Just now thinking - maybe a robot and self driving car would be nice - ha. Not in the budget.

Caregiving shows it daily that old age hits hard. My mother was a completely different person 10 even 5 years ago. Going to make the most of what I have.

Cargiving for my Mother has been a beautiful way for me to say thank you for being there for me and my makes the importance of being a nurturing caring loving parent myself greater. An understanding the nature of illnesses can be challenging to keep a positive mind when there family and giving back is the importance making there life easier. Feels like there my emature children and it makes me feel good.
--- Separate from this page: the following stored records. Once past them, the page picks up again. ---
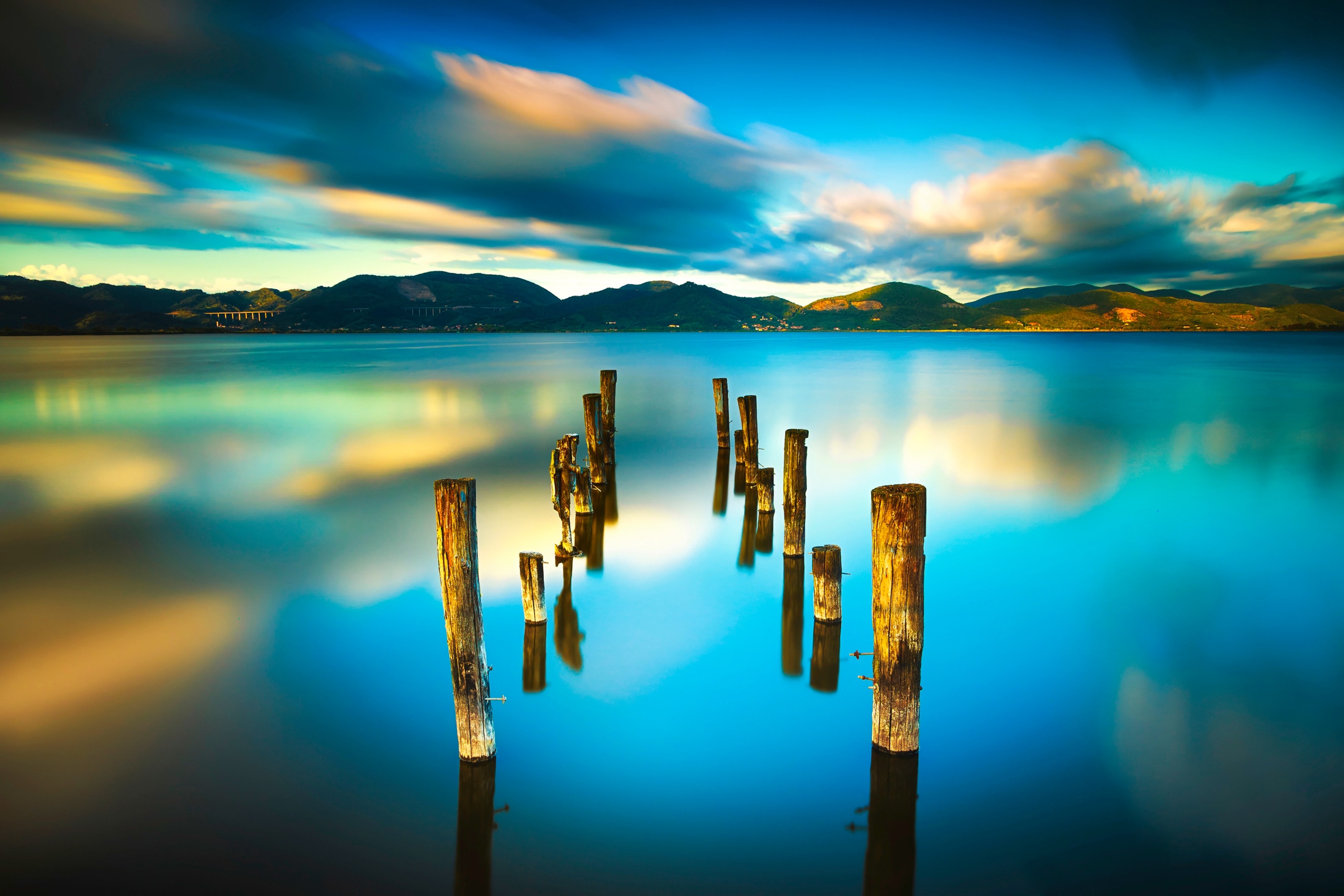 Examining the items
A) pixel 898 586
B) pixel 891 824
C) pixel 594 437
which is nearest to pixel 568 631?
pixel 891 824

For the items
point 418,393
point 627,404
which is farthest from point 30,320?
point 627,404

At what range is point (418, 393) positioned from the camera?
3725 cm

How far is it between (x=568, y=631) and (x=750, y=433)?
26.1ft

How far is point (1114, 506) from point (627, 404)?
22.8 meters

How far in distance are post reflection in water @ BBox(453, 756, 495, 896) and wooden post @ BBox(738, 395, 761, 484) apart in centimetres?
961

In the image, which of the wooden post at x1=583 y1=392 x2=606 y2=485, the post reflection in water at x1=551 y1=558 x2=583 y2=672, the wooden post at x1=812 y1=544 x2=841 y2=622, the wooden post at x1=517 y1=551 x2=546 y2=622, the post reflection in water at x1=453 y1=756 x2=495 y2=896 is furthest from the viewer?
the wooden post at x1=583 y1=392 x2=606 y2=485

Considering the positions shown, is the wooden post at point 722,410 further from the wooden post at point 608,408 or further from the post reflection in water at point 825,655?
the post reflection in water at point 825,655

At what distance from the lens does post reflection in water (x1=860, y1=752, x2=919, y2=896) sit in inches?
184

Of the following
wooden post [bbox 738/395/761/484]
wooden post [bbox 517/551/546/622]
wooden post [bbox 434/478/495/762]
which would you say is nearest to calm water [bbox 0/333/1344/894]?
wooden post [bbox 517/551/546/622]

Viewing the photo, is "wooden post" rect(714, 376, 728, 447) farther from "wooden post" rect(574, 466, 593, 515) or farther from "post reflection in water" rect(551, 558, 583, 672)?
"post reflection in water" rect(551, 558, 583, 672)

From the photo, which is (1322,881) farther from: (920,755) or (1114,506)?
(1114,506)

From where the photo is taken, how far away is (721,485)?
52.9ft

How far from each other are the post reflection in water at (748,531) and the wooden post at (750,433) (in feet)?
1.31

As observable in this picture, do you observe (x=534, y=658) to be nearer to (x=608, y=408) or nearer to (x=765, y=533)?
(x=765, y=533) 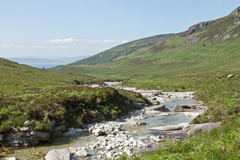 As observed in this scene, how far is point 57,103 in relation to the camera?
21188 mm

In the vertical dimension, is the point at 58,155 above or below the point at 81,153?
above

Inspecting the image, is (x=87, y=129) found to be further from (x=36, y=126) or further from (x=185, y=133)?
(x=185, y=133)

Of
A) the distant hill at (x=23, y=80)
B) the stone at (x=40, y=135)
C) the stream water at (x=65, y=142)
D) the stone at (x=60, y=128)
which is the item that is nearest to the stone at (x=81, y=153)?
the stream water at (x=65, y=142)

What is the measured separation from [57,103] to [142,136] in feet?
35.2

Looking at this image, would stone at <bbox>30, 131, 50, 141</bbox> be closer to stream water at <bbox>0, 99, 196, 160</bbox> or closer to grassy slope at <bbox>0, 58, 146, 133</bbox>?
grassy slope at <bbox>0, 58, 146, 133</bbox>

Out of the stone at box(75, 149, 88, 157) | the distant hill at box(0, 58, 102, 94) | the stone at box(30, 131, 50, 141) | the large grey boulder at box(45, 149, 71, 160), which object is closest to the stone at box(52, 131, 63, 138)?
the stone at box(30, 131, 50, 141)

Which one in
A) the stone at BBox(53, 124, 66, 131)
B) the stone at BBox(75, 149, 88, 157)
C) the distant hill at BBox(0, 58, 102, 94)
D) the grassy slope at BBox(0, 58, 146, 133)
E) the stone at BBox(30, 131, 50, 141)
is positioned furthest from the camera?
the distant hill at BBox(0, 58, 102, 94)

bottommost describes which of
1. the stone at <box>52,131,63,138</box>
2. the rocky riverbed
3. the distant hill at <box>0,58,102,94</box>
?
the rocky riverbed

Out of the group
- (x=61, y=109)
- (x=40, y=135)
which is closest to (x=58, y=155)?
(x=40, y=135)

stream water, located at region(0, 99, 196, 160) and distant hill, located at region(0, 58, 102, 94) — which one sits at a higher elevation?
distant hill, located at region(0, 58, 102, 94)

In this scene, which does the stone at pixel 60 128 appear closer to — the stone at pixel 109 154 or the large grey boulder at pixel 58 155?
the large grey boulder at pixel 58 155

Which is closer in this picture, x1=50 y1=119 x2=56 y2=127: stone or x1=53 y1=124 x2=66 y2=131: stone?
x1=50 y1=119 x2=56 y2=127: stone

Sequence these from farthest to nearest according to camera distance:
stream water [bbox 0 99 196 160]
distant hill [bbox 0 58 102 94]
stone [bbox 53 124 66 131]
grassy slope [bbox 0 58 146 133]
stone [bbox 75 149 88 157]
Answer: distant hill [bbox 0 58 102 94], stone [bbox 53 124 66 131], grassy slope [bbox 0 58 146 133], stream water [bbox 0 99 196 160], stone [bbox 75 149 88 157]

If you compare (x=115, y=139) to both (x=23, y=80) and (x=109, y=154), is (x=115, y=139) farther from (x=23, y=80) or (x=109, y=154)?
(x=23, y=80) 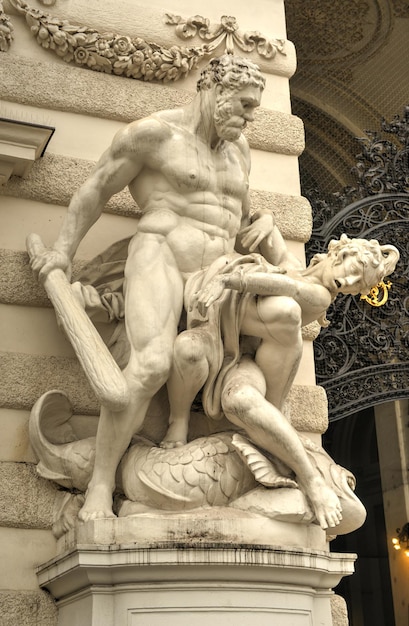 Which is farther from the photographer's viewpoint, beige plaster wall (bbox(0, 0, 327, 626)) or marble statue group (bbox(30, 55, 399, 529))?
beige plaster wall (bbox(0, 0, 327, 626))

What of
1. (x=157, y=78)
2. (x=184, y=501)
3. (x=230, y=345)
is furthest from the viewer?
(x=157, y=78)

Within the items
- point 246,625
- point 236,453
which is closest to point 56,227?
point 236,453

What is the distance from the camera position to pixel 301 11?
33.9 feet

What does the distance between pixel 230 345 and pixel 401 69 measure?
668 centimetres

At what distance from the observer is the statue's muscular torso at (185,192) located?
4.86m

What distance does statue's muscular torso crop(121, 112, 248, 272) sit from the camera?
486 centimetres

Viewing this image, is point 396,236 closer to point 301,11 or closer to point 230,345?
point 230,345

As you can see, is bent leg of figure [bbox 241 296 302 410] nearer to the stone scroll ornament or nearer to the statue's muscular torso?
the statue's muscular torso

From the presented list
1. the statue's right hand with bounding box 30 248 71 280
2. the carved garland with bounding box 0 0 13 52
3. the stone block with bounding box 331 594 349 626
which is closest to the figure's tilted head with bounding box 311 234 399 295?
the statue's right hand with bounding box 30 248 71 280

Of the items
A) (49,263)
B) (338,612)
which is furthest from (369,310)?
(49,263)

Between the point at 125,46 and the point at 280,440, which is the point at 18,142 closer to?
the point at 125,46

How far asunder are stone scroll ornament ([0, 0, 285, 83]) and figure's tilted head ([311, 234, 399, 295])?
1891 millimetres

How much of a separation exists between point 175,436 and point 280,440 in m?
0.62

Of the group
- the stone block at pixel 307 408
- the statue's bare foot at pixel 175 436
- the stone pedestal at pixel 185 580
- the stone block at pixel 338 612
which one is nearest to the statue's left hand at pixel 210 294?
the statue's bare foot at pixel 175 436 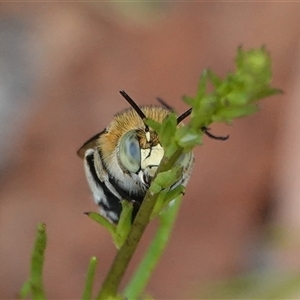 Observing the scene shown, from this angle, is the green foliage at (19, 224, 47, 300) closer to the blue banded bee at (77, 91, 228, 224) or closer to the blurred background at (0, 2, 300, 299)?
the blue banded bee at (77, 91, 228, 224)

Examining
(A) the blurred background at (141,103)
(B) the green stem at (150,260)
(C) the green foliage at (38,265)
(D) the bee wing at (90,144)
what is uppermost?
(A) the blurred background at (141,103)

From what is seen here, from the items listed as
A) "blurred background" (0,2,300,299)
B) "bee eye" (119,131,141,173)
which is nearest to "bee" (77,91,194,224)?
"bee eye" (119,131,141,173)

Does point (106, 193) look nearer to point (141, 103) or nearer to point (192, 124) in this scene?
point (192, 124)

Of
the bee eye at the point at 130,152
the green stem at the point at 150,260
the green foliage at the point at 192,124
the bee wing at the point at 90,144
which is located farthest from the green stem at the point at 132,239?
the bee wing at the point at 90,144

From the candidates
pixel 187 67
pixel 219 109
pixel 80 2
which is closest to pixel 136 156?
pixel 219 109

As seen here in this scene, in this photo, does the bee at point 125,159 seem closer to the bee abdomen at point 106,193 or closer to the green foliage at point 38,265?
the bee abdomen at point 106,193

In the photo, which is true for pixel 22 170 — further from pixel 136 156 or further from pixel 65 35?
pixel 136 156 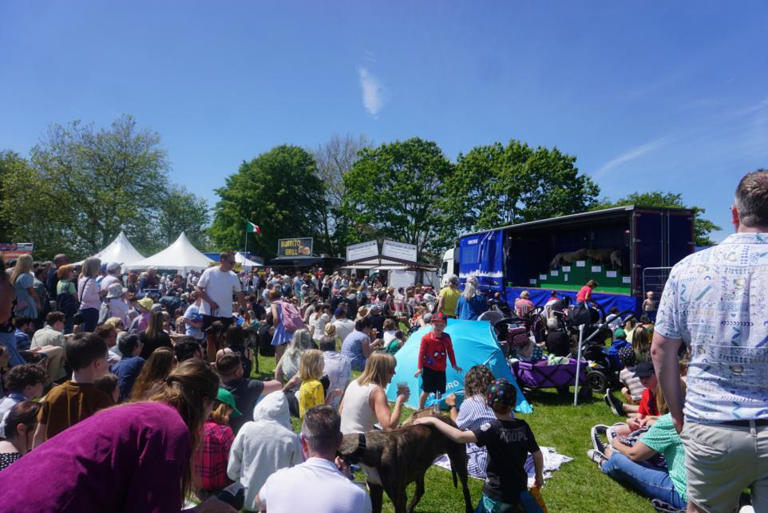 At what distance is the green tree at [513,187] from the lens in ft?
112

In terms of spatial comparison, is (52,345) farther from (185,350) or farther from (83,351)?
(83,351)

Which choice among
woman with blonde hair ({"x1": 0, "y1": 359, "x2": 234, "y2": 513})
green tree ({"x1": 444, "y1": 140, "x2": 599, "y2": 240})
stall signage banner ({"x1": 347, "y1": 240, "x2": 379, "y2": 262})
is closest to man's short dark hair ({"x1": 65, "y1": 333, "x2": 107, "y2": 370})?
woman with blonde hair ({"x1": 0, "y1": 359, "x2": 234, "y2": 513})

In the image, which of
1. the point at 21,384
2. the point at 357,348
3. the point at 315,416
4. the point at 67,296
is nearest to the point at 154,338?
the point at 21,384

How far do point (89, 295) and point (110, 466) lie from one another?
8.55 meters

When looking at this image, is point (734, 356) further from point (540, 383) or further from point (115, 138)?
point (115, 138)

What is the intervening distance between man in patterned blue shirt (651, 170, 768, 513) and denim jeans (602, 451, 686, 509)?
2575mm

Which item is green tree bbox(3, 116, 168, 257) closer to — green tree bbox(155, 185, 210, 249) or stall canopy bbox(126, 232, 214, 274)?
stall canopy bbox(126, 232, 214, 274)

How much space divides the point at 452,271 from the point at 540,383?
18.1m

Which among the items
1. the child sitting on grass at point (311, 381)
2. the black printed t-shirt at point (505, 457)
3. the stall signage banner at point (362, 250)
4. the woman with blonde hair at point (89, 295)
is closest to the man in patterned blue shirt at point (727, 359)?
the black printed t-shirt at point (505, 457)

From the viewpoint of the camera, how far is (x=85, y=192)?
3284 cm

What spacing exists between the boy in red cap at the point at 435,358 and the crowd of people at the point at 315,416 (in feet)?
0.07

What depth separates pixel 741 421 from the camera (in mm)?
1902

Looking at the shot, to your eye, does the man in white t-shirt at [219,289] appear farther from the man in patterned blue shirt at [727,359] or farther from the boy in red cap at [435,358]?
the man in patterned blue shirt at [727,359]

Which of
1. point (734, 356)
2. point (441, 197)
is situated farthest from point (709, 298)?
point (441, 197)
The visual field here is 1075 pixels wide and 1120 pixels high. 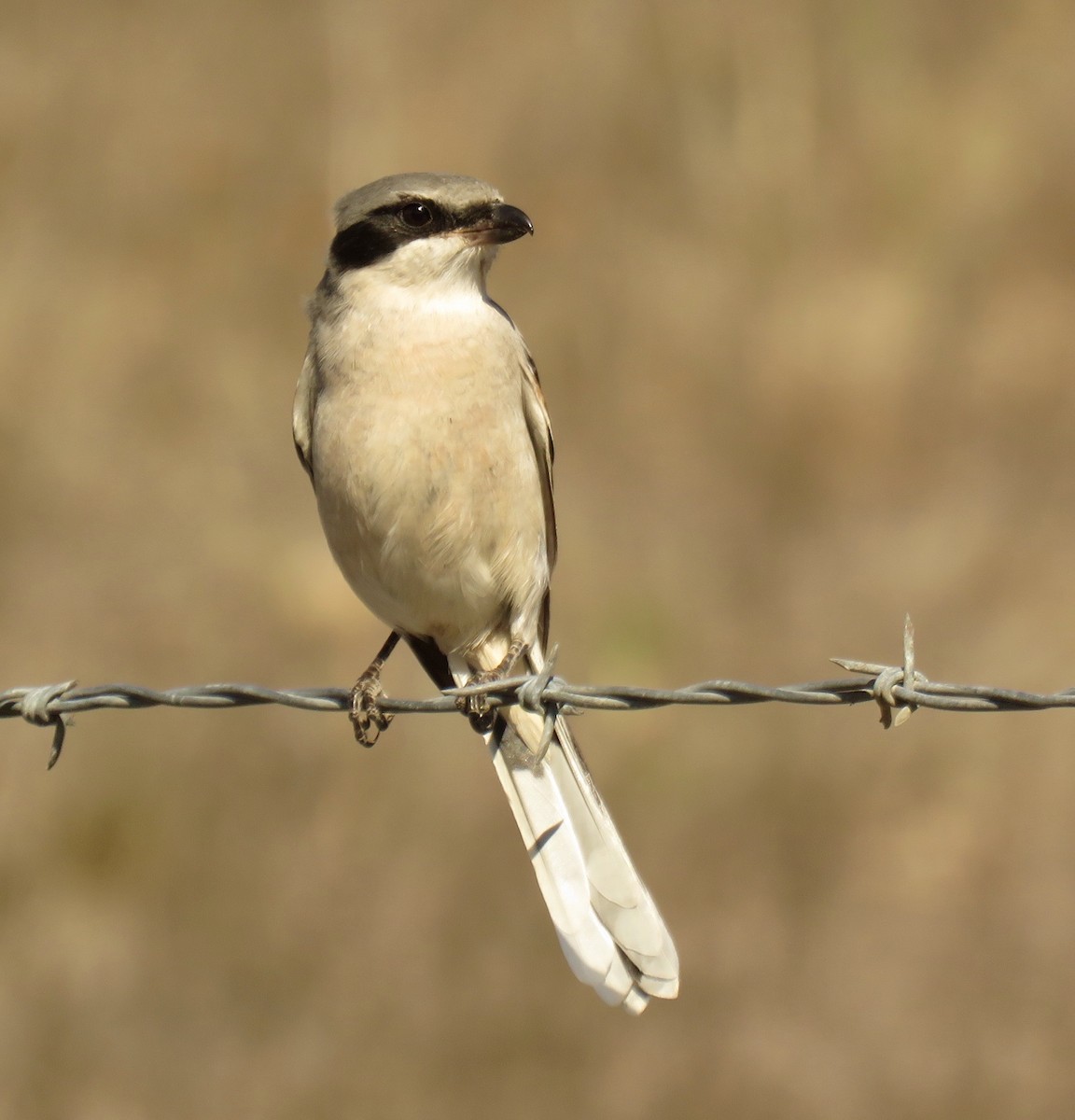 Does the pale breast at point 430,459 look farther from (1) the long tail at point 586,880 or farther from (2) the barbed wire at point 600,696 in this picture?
(2) the barbed wire at point 600,696

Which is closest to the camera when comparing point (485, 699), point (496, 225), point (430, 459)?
point (485, 699)

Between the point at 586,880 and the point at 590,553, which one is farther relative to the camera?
the point at 590,553

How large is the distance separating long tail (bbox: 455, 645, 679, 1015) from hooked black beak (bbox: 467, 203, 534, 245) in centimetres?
136

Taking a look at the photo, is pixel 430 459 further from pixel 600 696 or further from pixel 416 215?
pixel 600 696

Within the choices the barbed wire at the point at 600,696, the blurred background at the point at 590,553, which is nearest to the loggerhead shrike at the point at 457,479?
the barbed wire at the point at 600,696

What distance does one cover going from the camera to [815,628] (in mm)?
8273

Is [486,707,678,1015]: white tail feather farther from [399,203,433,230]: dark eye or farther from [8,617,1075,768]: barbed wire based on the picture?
[399,203,433,230]: dark eye

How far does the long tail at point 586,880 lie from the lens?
12.5ft

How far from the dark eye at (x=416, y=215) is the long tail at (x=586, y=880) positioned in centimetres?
143

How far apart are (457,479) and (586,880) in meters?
1.12

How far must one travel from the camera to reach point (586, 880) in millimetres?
3947

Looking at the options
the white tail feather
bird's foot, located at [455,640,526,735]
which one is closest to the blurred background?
bird's foot, located at [455,640,526,735]

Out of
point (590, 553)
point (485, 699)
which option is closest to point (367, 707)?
point (485, 699)

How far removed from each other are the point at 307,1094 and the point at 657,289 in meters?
4.83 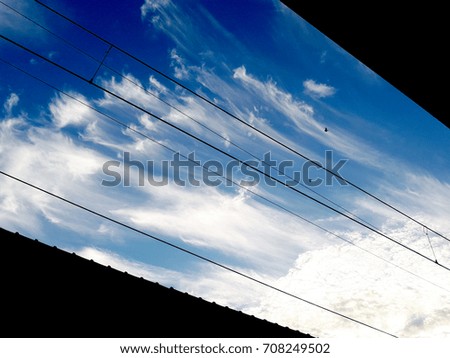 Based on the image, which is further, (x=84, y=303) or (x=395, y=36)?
(x=84, y=303)

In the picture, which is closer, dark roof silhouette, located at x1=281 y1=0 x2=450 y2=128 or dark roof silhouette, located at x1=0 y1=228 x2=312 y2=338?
dark roof silhouette, located at x1=281 y1=0 x2=450 y2=128

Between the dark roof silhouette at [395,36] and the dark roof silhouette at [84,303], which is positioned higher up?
the dark roof silhouette at [395,36]

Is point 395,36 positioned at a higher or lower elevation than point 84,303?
higher

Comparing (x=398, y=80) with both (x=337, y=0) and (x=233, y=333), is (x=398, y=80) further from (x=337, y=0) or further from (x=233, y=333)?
(x=233, y=333)

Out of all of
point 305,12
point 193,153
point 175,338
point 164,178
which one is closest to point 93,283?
point 175,338

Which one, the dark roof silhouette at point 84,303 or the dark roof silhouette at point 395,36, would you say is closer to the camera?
the dark roof silhouette at point 395,36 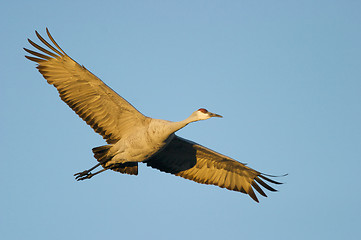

How has caregiving changed your views on life & aging? I do not want to grow old.

My Mom lives with me, has for 6 years now. Her dementia is getting worse gradually and now I am at a point where it just makes me sad. I mean really sad. I do work full time so 2 of my brothers and my daughter come to my house everyday to spend time with her and make sure she takes her meds and eats, but the everyday stuff is all me. I used to get irritated and angry when I had to repeat answers over and over again and then my Grandaughter reminded me that she cannot help it. It was like a slap up side the head. Now I just get sad that she is not the lively fun loving Mom that I remember from earlier years. Most of her memories now are from her childhood and she speaks of missing her parents quite often. Now I just spend time with her and leave the arguing and frustration behind. We all only have one MOM so just Love her and do what you can. Hang in there !

DD,
Just reading what you wrote brought tears to my eyes woman. I do understand your feelings as we are the ones who stepped up, we deal with all the day to day bs, our sibs who are uninvolved bring them some cheap trinket and they fall all over themselves like it was sooooo thoughtful and then they resume going back to their lives. We do all the gruntwork, make their lives as pleasant as we can, try to push down the old wounds and feelings that tend to resurface when things come up, it's hard sometimes. But......they are our Mother's, for better or worse, we clean up bodily fluids, do laundry, shop for em, taxi them, take to doctors, handle their finances, on and on. You have become the parent to your parent and it feels like they are the rebellious teenagers who don't want you telling them what they should or should not be doing. It feels like resentment instead of gratitude. Why do we constantly seek out our Mother's love and appreciation? Mom does tell me how grateful she is when I finish doing stuff for her but it goes in one ear and out another with me. I just smile and say "your welcome" but the ugliness that resurfaces with my badbro, could have all been avoided if she just stuck up for me and herself instead of keeping her mouth shut and allowing it all to happen. That is the hardest pill of all to swallow. Too late for that now.